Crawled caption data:
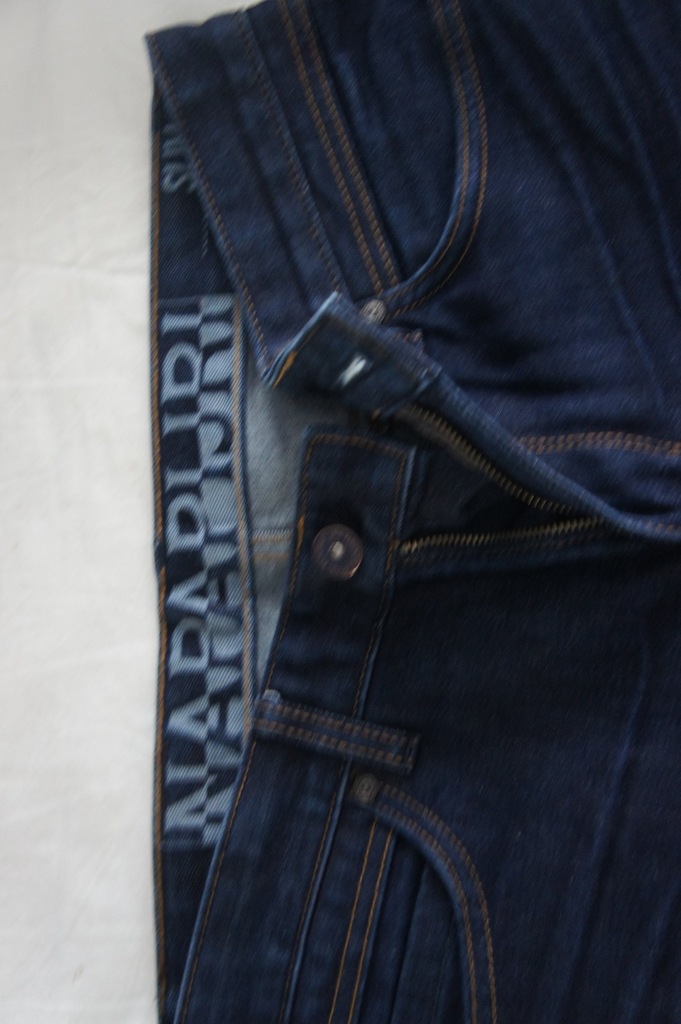 Napapijri jeansy spodnie W31L32 jak nowe c. sk 650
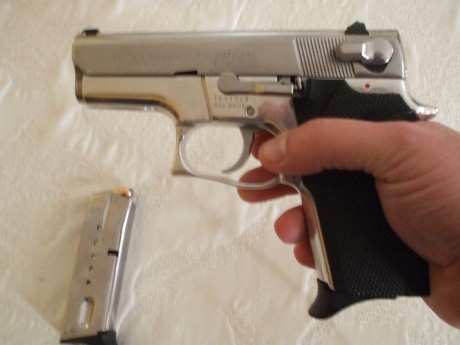 Hola, vendo mi S&W 6906 9mmpb, pulida al espejo, en estado impecable, ACOMPAÑO CON SU FUNDA de cuero 10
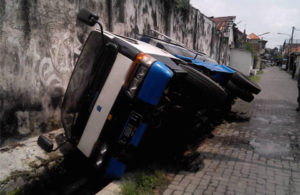 Truk Terperosok ke Selokan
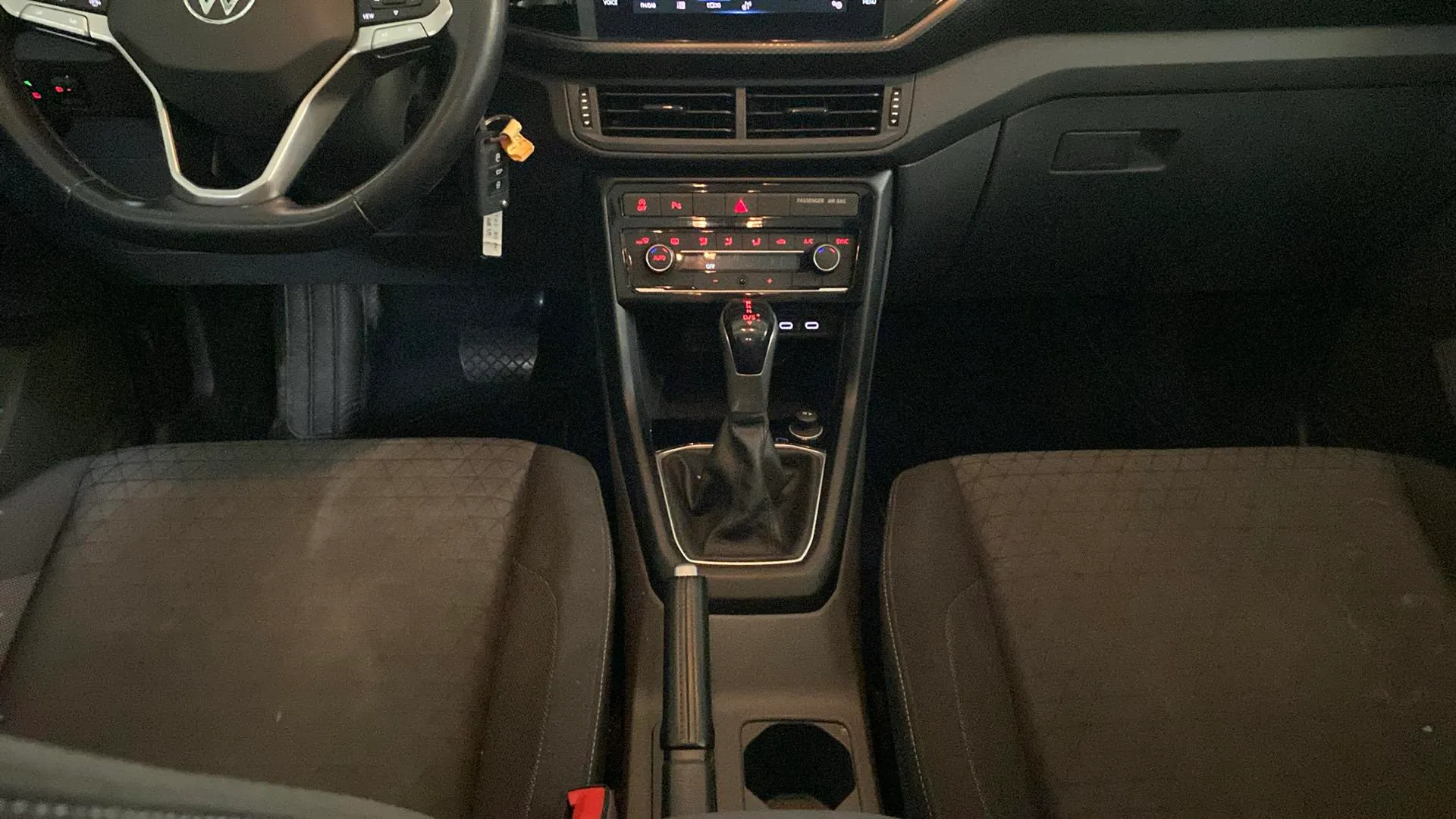 Volkswagen T-Cross Advance 1.0 TSI DSG - foto 8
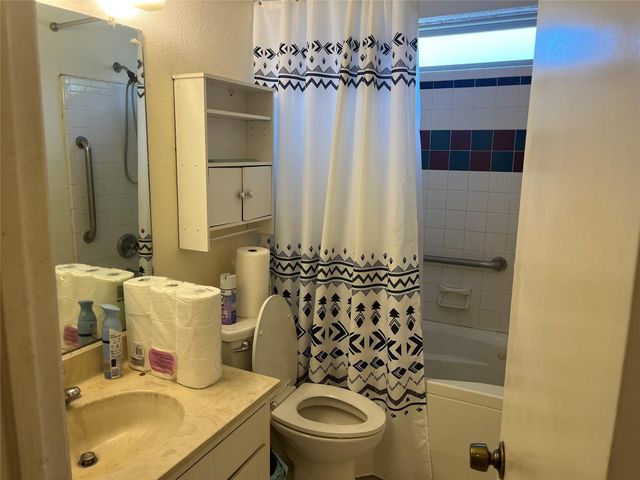 11702 Ensbrook Drive, Houston, TX 77099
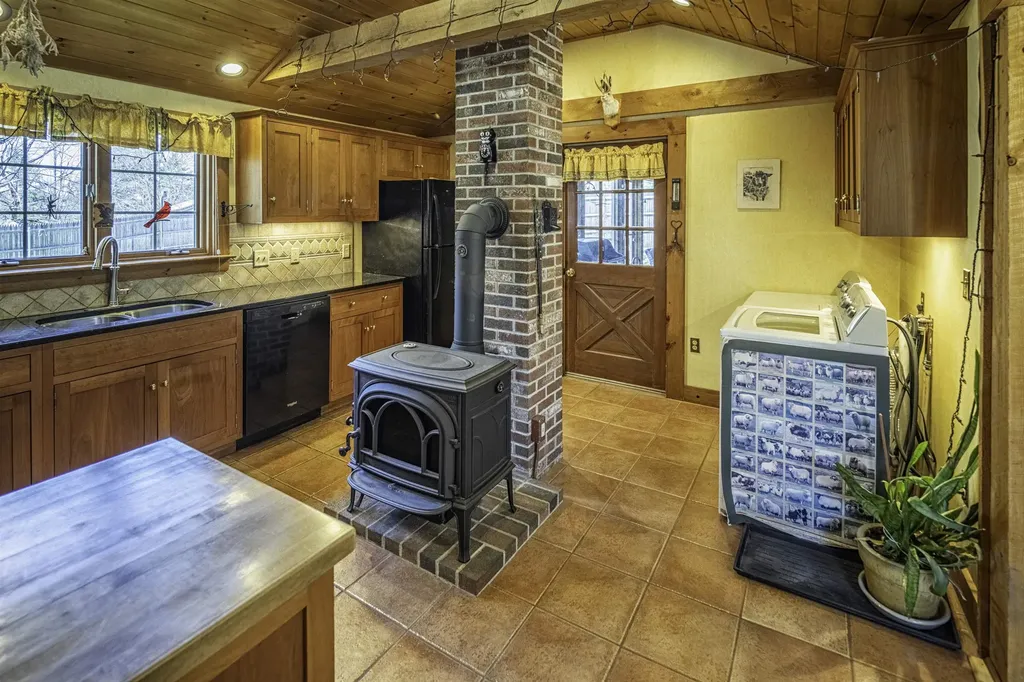 79 Noble Street Somersworth NH 03878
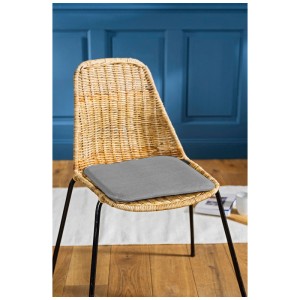 Cuscino grigio Nouvel Avaro 35x35 cm su una sedia. Imbottitura confortevole per un maggiore comfort di seduta.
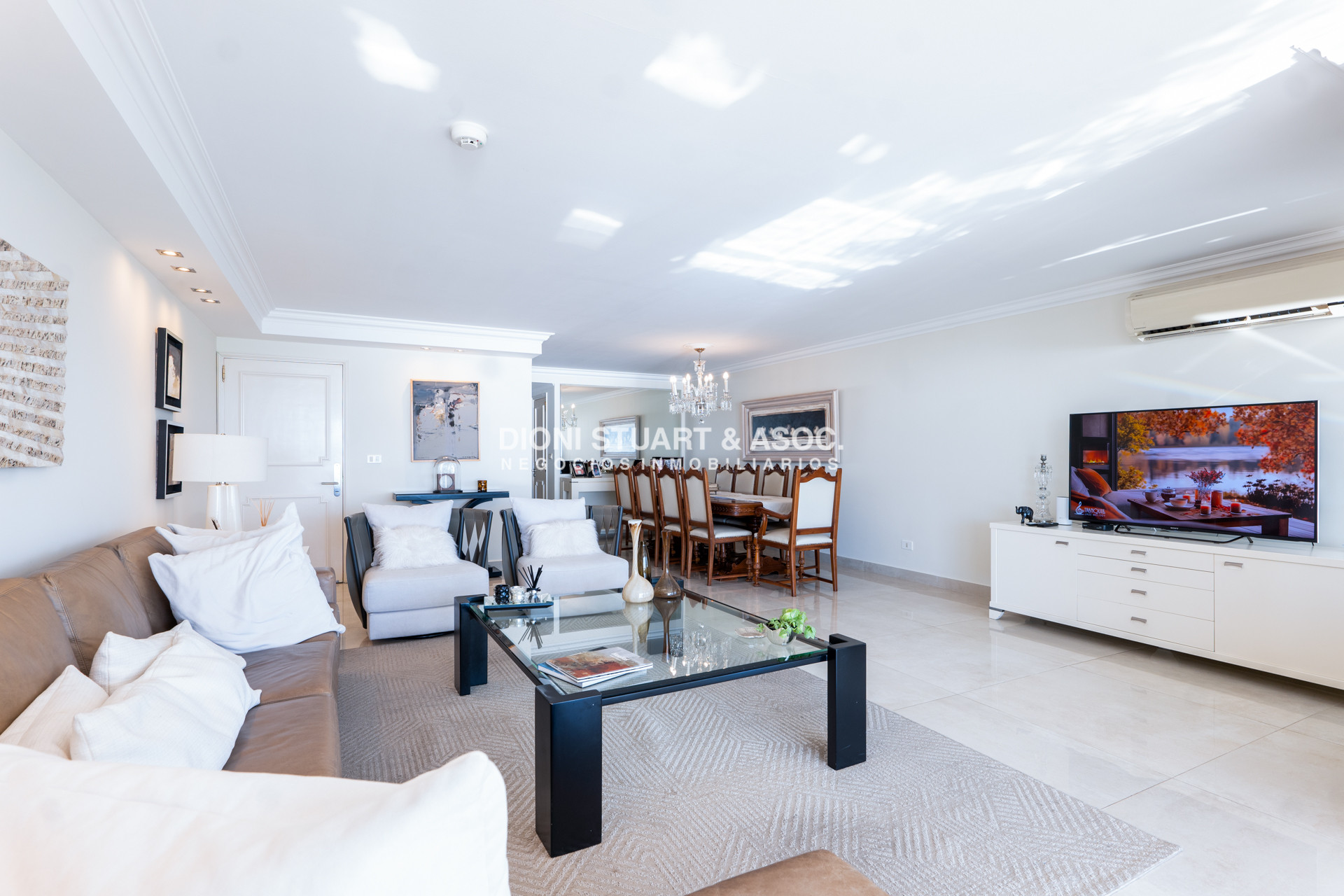 Apartamento ID.844 - Apartamento en Beverly Tower - Alquiler de Temporada - 3 Dorm en suite + Dep.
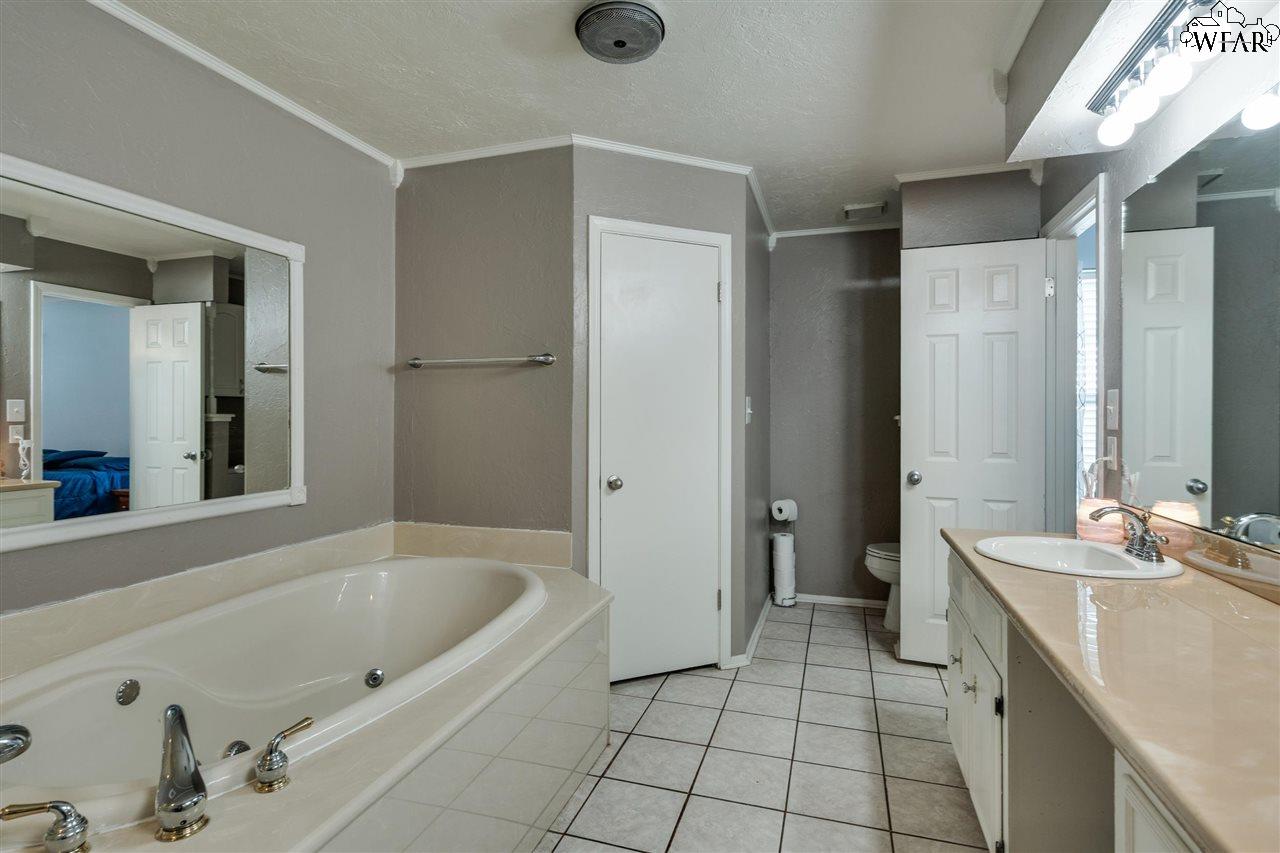3 Shady Brook Court, Wichita Falls, Texas image 13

● What the task asks
Nothing but the lines from the one with "Truk Terperosok ke Selokan" through the end of the entries above, both included, should be set down, exactly and without pictures.

● Output of the task
 Truk Terperosok ke Selokan
 Volkswagen T-Cross Advance 1.0 TSI DSG - foto 8
 11702 Ensbrook Drive, Houston, TX 77099
 79 Noble Street Somersworth NH 03878
 Cuscino grigio Nouvel Avaro 35x35 cm su una sedia. Imbottitura confortevole per un maggiore comfort di seduta.
 Apartamento ID.844 - Apartamento en Beverly Tower - Alquiler de Temporada - 3 Dorm en suite + Dep.
3 Shady Brook Court, Wichita Falls, Texas image 13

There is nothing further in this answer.